* **TASK GOAL**:
Return exactly the lines of the records below, starting at the line that contains "Lime Nanuk 908" and ending at the line that contains "True Royal pancreatic", with both of those lines kept.

* **DATASET ENTRIES**:
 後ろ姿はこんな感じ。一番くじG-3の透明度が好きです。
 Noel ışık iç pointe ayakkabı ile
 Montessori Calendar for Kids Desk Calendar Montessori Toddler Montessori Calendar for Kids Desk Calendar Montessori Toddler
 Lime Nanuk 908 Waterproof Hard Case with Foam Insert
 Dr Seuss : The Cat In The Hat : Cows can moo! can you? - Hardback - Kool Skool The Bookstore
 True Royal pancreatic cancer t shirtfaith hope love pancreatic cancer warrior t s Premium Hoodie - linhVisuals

---

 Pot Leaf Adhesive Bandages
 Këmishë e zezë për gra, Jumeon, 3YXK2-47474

* **SOLVED EXERCISE**:
 Lime Nanuk 908 Waterproof Hard Case with Foam Insert
 Dr Seuss : The Cat In The Hat : Cows can moo! can you? - Hardback - Kool Skool The Bookstore
 True Royal pancreatic cancer t shirtfaith hope love pancreatic cancer warrior t s Premium Hoodie - linhVisuals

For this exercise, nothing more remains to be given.